I like cherry and just about any white wood, or really dark wood. As Jake mentioned, cherry and walnut make an excellent combination as do ebony, wenge, and blackwood. For white woods, holly, hickory, oak, maple, ash, and even poplar are all good options. If you go with poplar, just make sure you find some that is white and doesn't have too much green in it.

I also occasionally like cherry against other colors. Yellowheart, purpleheart might work, bloodwood, redheart are some examples. 

Honestly I can see cherry with a lot of other woods too, but I'd tend to go with light or dark contrast unless it's just some accent colors.
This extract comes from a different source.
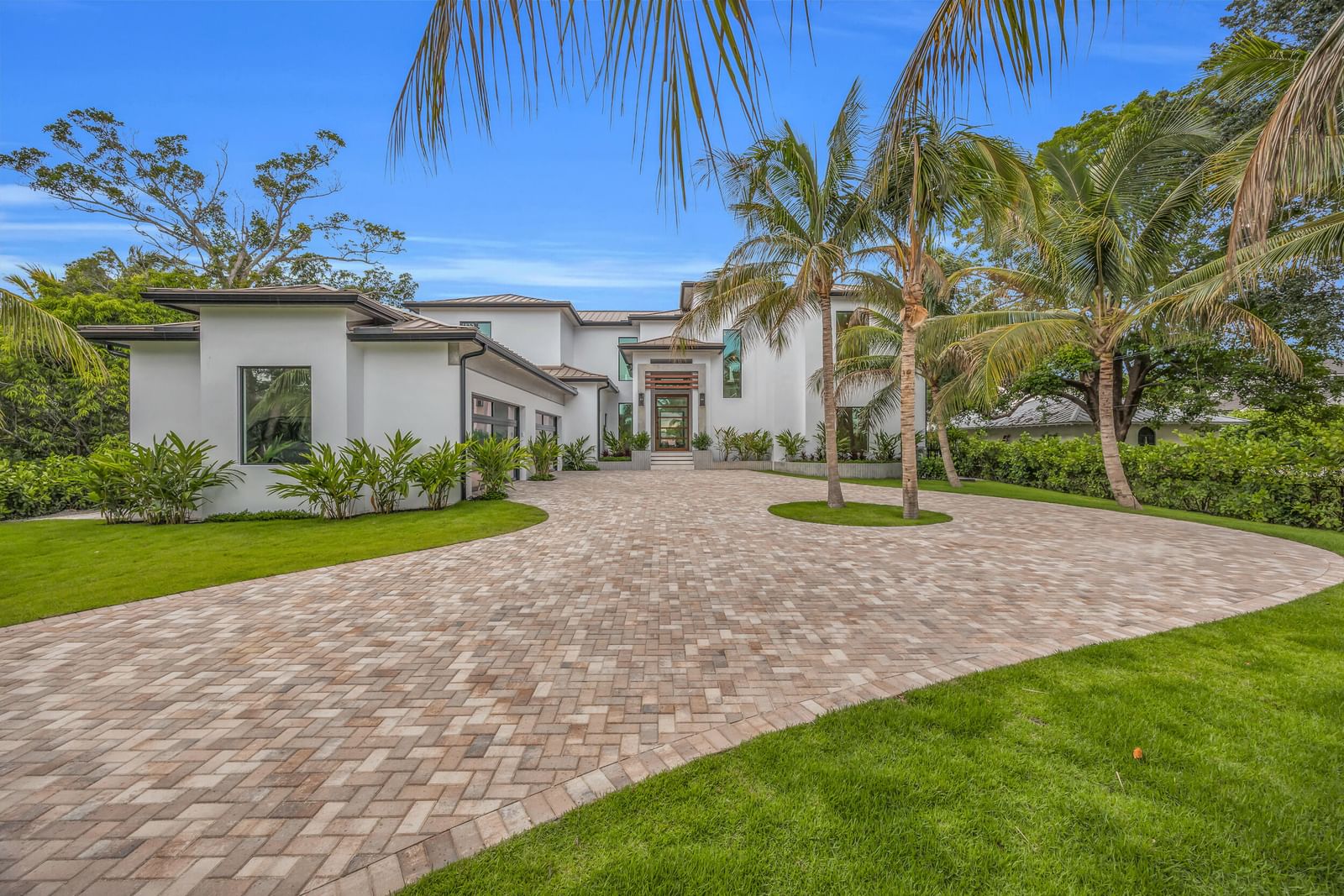 19175 W Riverside Drive, Tequesta, FL 33469 photo 2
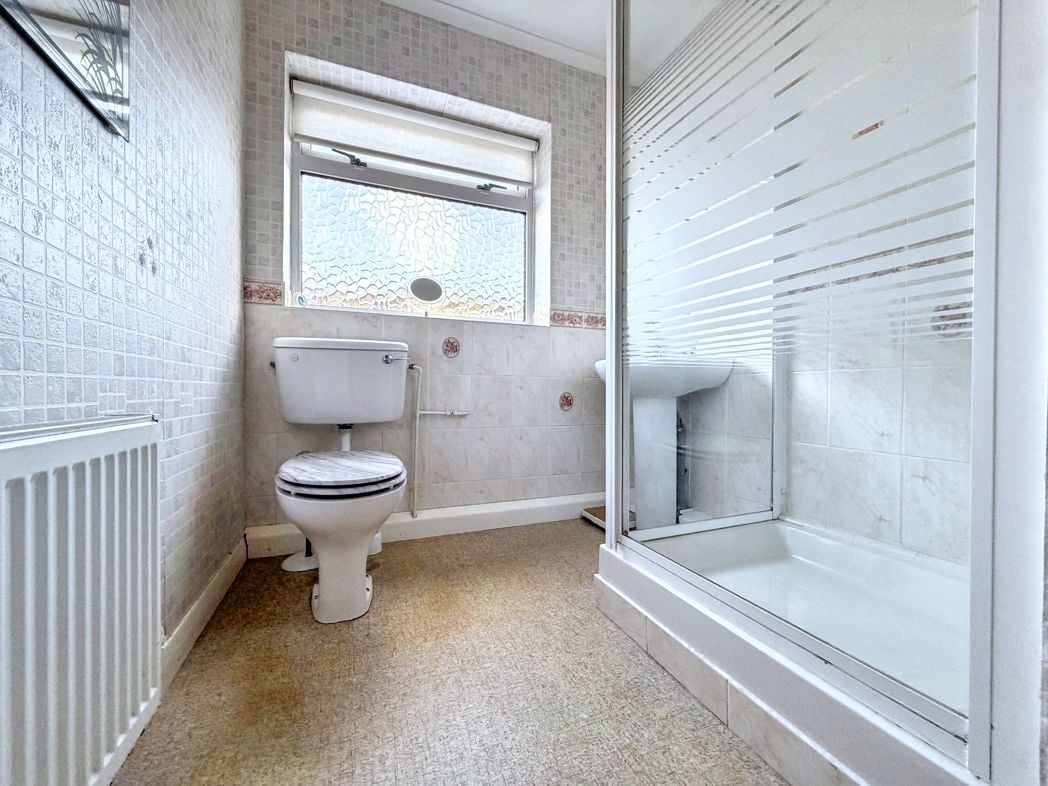 Property image 14 of 17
My favorite tends to be cherry with the white woods.


----------



## RJAngel (Mar 8, 2008)

frankp said:


> My favorite tends to be cherry with the white woods.


Same opinion here.
I'm planning on building a coffee and pair of end tables soon and I'm leaning towards using cherry and maple.

Cherry for the most part and maple for the top w/a cherry border.

That't the plan at least 

Ron


----------



## knotscott (Nov 8, 2007)

I like cherry with maple quite alot...:thumbsup:


----------



## gtobeech (Dec 15, 2007)

_I did some end tables and coffee table for my daughter in white oak with cherry centers on the tops. You can see them in the Project Showcase section "My Daughters Xmas Present" post._


----------



## Joe C (Nov 8, 2007)

Cherry and tiger maple look nice together. Ex: Cherry with tiger maple drawer fronts.


----------



## bigredc (Sep 1, 2007)

Nice bed Garry. I did an end table out of cherry and walnut. I liked it.
Chris


----------



## jerry (Nov 1, 2006)

Cherry looks great with anything.

Regards

Jerry


----------